6. Contents of the pack and additional information.

The dextromethorphan, active principle of this medication, is an antitussive that inhibits the cough reflex.

It is indicated for the symptomatic treatment of cough not accompanied by expectoration (irritative cough, nervous cough) in adults and adolescents 12 years of age and older.

Consult a doctor if it worsens or does not improve after 7 days of treatment.

This medicine may cause dependence. Therefore, treatment should be of short duration.

Do not take INTERTOS:

• If you are allergic (hypersensitive) to dextromethorphan or to any of the other components of this medicine (listed in section 6).
• If you have a serious lung disease.
• If you have asthma cough.
• If you have a cough accompanied by abundant secretions.
• If you are being treated or have been treated in the last 2 weeks with any monoamine oxidase inhibitor (MAOI) used for the treatment of depression, Parkinson's disease, or other diseases, as well as other serotonin reuptake inhibitors used for the treatment of depression, such as fluoxetine and paroxetine; or also with bupropion, which is a medication used to quit smoking, or with linezolid, which is an antibacterial medication. (See section: Use of INTERTOS with other medicines).

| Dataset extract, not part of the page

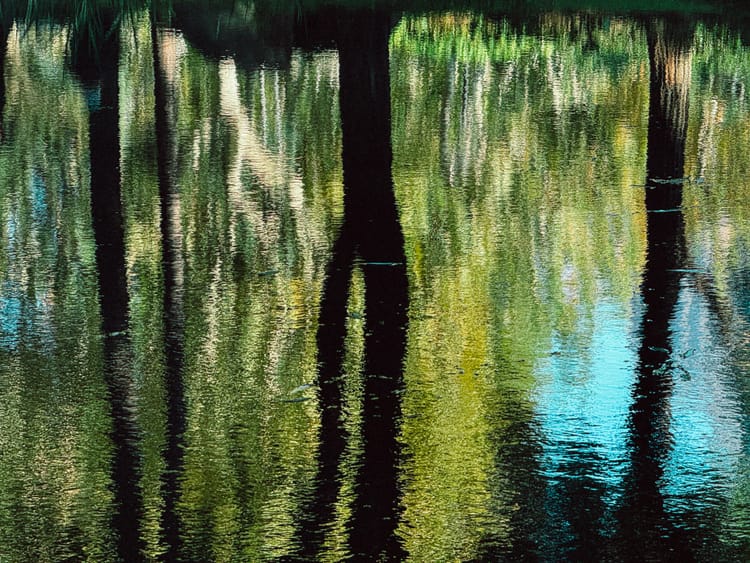 改变人生攻略：从“NPC”变成“玩家”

Children under 12 years old cannot take this medicine.

Warnings and precautions

Consult your doctor or pharmacist before starting to take INTERTOS.

If you are taking other medicines such as antidepressants or antipsychotics, INTERTOS may interact with these medicines and you may experience changes in your mental state (e.g. agitation, hallucinations, coma) and other effects such as body temperature above 38°C, increased heart rate, high blood pressure, and exaggeration of reflexes, muscle rigidity, lack of coordination, and/or gastrointestinal symptoms (e.g., nausea, vomiting, and diarrhea).

Especially, patients with persistent or chronic cough, such as that due to smoking, should consult their doctor before using this medicine. Especially in children, chronic cough could be an early sign of asthma.

• With liver or kidney disease.
• With atopic dermatitis (inflammatory skin disease characterized by erythema, pruritus, exudation, crusts, and desquamation, which begins in childhood in individuals with hereditary allergic predisposition).
• Who is sedated, weakened, or bedridden.
• With CYP2D6 polymorphism (genetic alteration affecting the activity of this liver enzyme).
• Concomitant use with alcohol should be avoided.

Cases of abuse with dextromethorphan-containing medications have been reported in adolescents, so this possibility should be taken into account, as it may cause severe adverse effects (see section: If you take more INTERTOS than you should).

This medicine may also be addictive, so its use at high doses or for a prolonged period may cause mental and physical dependence. In patients with a tendency to abuse or dependence, it will only be administered under strict medical control and for short periods of time.

Children and adolescents

Children under 12 years old cannot take INTERTOS.

Use of INTERTOS and other medicines

Inform your doctor or pharmacist if you are taking, have taken recently, or may need to take any other medicine.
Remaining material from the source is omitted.